Frage Staatsanwalt: „Sie waren natürlich in Bezug auf die Juden der gleichen Ansicht?”
Antwort Jeckeln: „Ich war da der gleichen Ansicht, wie die meisten Deutschen.” Hannah Arendt bezeichnete in ihrem 1945 erschienenen Artikel Organisierte Schuld die Deutschen als ein Volk, „in welchem die Linie, die Verbrecher von normalen Menschen, Schuldige von Unschuldigen trennt, effektiv verwischt worden ist [...].”
Und trotzdem heuchelte Jeckeln, als er auf die Frage des Staatsanwalts antwortete. Er teilte nicht einfach nur diese kannibalischen „Ansicht“.
Der Führer habe sich geäußert, die Liquidierung der Juden während des Krieges werde kein großes Aufsehen in der Welt erregen.
Verteidigung (Anwalt Milowidow). Frage an den Zeugen Blaschek:
„Als Jeckeln von den Plänen zur Vernichtung der Juden sprach, was meinen Sie als Zeuge – war das der persönliche Plan von Jeckeln oder Programm jener Partei, in der der Angeklagte Mitglied war?“
Antwort: „Wir hatten kaum eine persönliche Meinung. Jeckeln war aber einer derjenigen, die Meinung machten. Unter diesen Meinungsmachern war es sehr schwer, eine eigene Meinung zu haben. Das betrifft nicht nur mich, sondern im Grunde das ganze deutsche Volk.“
Milowidow: Ich habe keine weiteren Fragen.“
Für mich bleibt aber noch die Frage: Gab es nun einen Beschluss zur Vernichtung der Juden oder nicht? Ich habe in den Archivunterlagen über SS-Gruppenführer Bruno Streckenbach, der zu Beginn des Krieges als Chef des Amtes I des Reichsicherheitshauptamtes einen der höchsten Posten in der SS-Hierarchie innehatte und der zum Ende des Krieges in sowjetischer Kriegsgefangenschaft war, einen neuen Beleg für die Existenz eines Beschlusses entdeckt. Anders als Jeckeln ist er nicht hingerichtet worden. Als ihm der Prozess gemacht wurde, galt bereits der Erlass des Präsidiums der Obersten Sowjets der UdSSR vom 26. Mai 1947 „Über die Abschaffung der Todesstrafe“. Streckenbach kehrte 1955 zusammen mit den anderen deutschen Kriegsgefangenen wohlbehalten nach Deutschland zurück.

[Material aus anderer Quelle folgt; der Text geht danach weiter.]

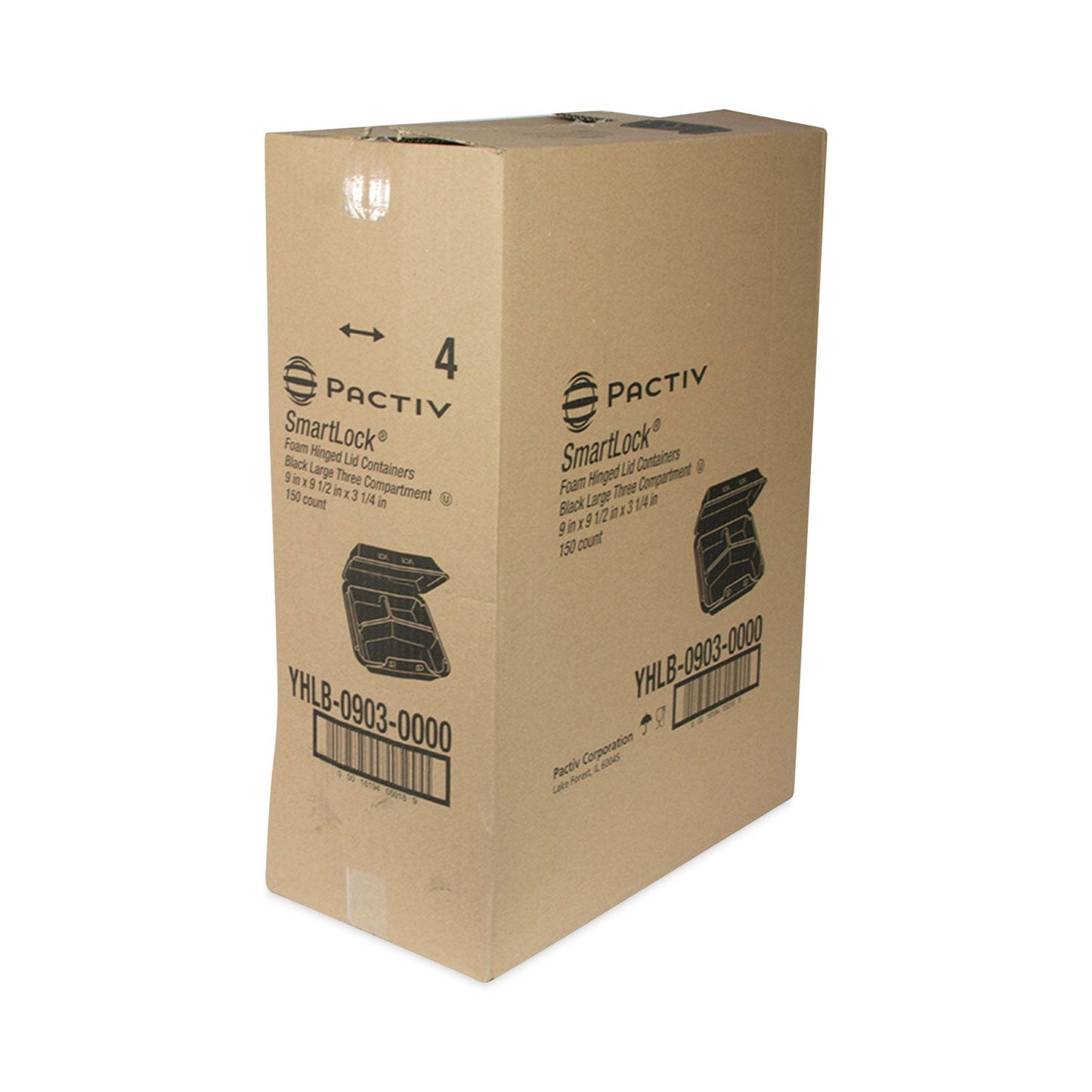 Pactiv Evergreen SmartLock Foam Hinged Lid Container, Large, 3-Compartment, 9 x 9.5 x 3.25, Black, 150/Carton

In Streckenbachs Ausführungen, die er im Laufe der Vorermittlungen gemacht hat , habe ich folgende Passage gefunden: „Mit Beginn des Russlandfeldzugs erreichten die Maßnahmen gegen Juden ein neues Stadium. Es erging der Befehl zur breitangelegten Liqudierung der Juden. Mir ist nicht ganz klar, von wem die Initiative ausging. Einem Bericht von Heydrich zufolge hatte sich der Führer auf einer der Besprechungen dazu geäußert und erklärt, er habe die Absicht, die Judenfrage in Europa endgültig zu lösen, und die Liquidierung der Juden während des Krieges werde kein großes Aufsehen in der Welt erregen. Dieser Befehl wurde zwar geheim gehalten, war aber dennoch bald allseits bekannt und sorgte für große Aufregung, weil es viele gab, die damit nicht einverstanden waren“.
Dass viele nicht einverstanden gewesen seien, ist ein rhetorisches Mittel der Übertreibung, das sich durch den Ort erklären lässt, an dem die Aussage niedergeschrieben wurde, nämlich im Gefängnis der Lubjanka. Alles Übrige entspricht wohl der Wahrheit. Bis zur Wannseekonferenz am 20. Januar 1942, die allgemein mit der „Endlösung der Judenfrage“ verbunden ist, war es noch weit. Zu jener Zeit war aber bereits die erste Million der sechs Millionen Opfer des Holocaust ermordet worden.